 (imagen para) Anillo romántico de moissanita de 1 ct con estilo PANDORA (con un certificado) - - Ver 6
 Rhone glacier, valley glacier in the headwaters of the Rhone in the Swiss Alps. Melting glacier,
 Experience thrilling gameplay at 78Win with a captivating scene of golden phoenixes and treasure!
______
# [WHAT YOU NEED TO DO]
Take the listing above and set it down exactly.

# [RESULT]
 (imagen para) Anillo romántico de moissanita de 1 ct con estilo PANDORA (con un certificado) - - Ver 6
 Rhone glacier, valley glacier in the headwaters of the Rhone in the Swiss Alps. Melting glacier,
 Experience thrilling gameplay at 78Win with a captivating scene of golden phoenixes and treasure!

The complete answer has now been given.